I have no idea, i feel like that's what I need to know to start the problem. all i can think is that the magnitude at the center initially is B=(4*pi*e-7 Tm/A)(165 A)/ 2*.01m since the two circles share a common center and there is no initial current running through the smaller loop...I feel like I am making an incorrect assumption though because that seems too easy

 

[zhermes]

But there's going to be a change in flux through the smaller wire right? *hint hint, wink wink*

 

[thebert010]

But there's going to be a change in flux through the smaller wire right? *hint hint, wink wink*

So i figured the flux of the smaller loop (flux = BA) would just be the Magentic Field due to the current from the larger loop * the given area of the small loop. and would change as B changes due to the current changing. Is this the right way to look at it, or am I still on the wrong track? ...sorry, I'm at work and having a rather hard time getting to the internet :(

 

[zhermes]

No worries, and yeah you're totally on the right track.

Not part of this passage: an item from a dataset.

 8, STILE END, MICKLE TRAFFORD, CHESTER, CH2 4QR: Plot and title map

So what effect does that changing magnetic flux have on the wire?

And backing up to parts a,b,c--I think all they want is the 'too simple' answer you gave in the beginning. (You could make a more accurate answer, but I don't think that's what they're looking for).

 

[thebert010]

No worries, and yeah you're totally on the right track. So what effect does that changing magnetic flux have on the wire?

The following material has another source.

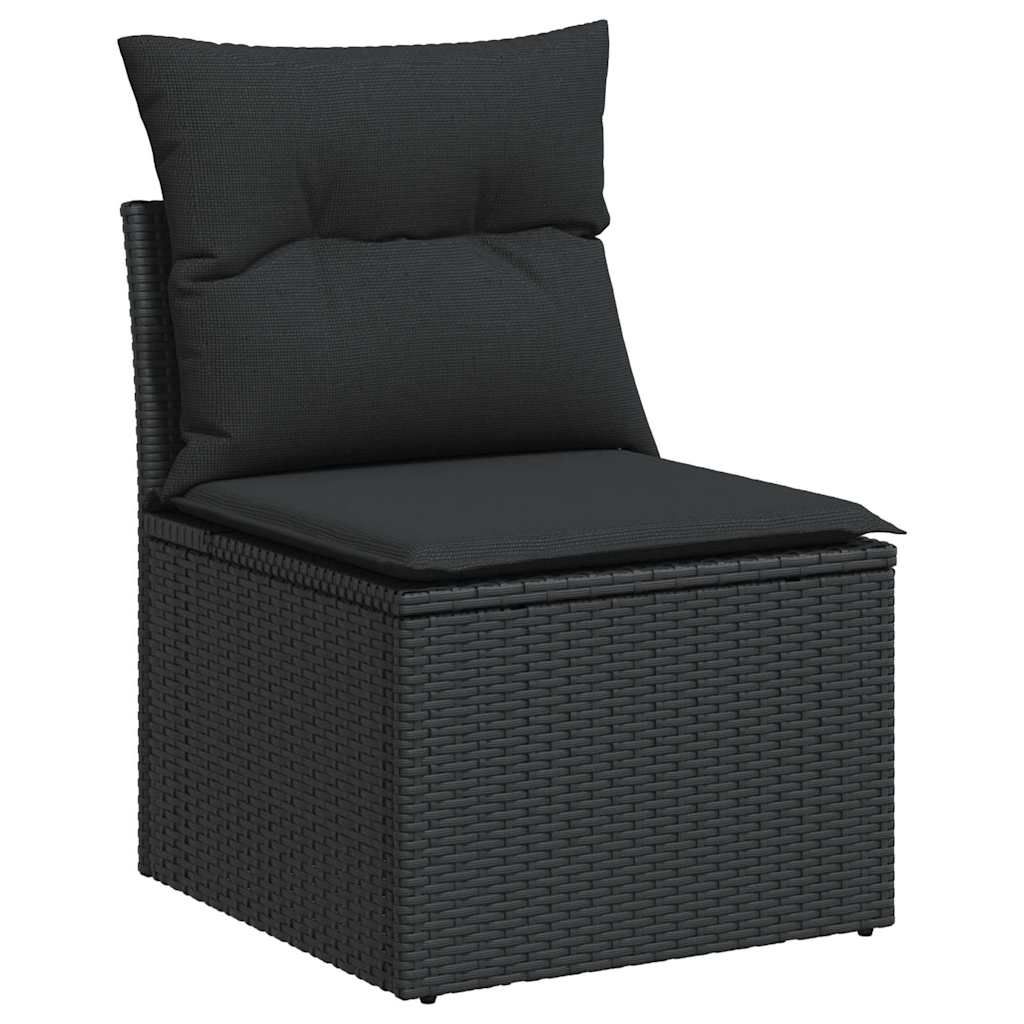 5-delige Loungeset met kussens poly rattan acacia zwart is nu te koop bij PeponiXL, paradijselijk wonen!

And backing up to parts a,b,c--I think all they want is the 'too simple' answer you gave in the beginning. (You could make a more accurate answer, but I don't think that's what they're looking for).

if I'm not mistaken, i believe the change in magnetic flux will induce a current to run through the wire of the smaller loop of EMF = -dFlux/dt. my only snag at this point is that the magnetic field at t=.5 sec, since the sign of the current is only to distinguish direction, the 165A would be 165/2 A instead of 0 A (which would instead be an avg of 165A and -165A). Sound good?

 

[zhermes]

You're right on the first part, but at t=0.5s, it will be 0--even though the negative sign does me the opposite direction. Think about it this way: if you're on a straight road (can't turn) driving 20 mph, and over the course of 10sec change to going -20mph. You have to 'pass by' going 0 mph somewhere inbetween.

 

[thebert010]

You're right on the first part, but at t=0.5s, it will be 0--even though the negative sign does me the opposite direction. Think about it this way: if you're on a straight road (can't turn) driving 20 mph, and over the course of 10sec change to going -20mph. You have to 'pass by' going 0 mph somewhere inbetween.

AH! who would have thought this would involve a completely rational explanation ;-) ha, thanks so much for all of your help - it's all making damn near perfect sense now!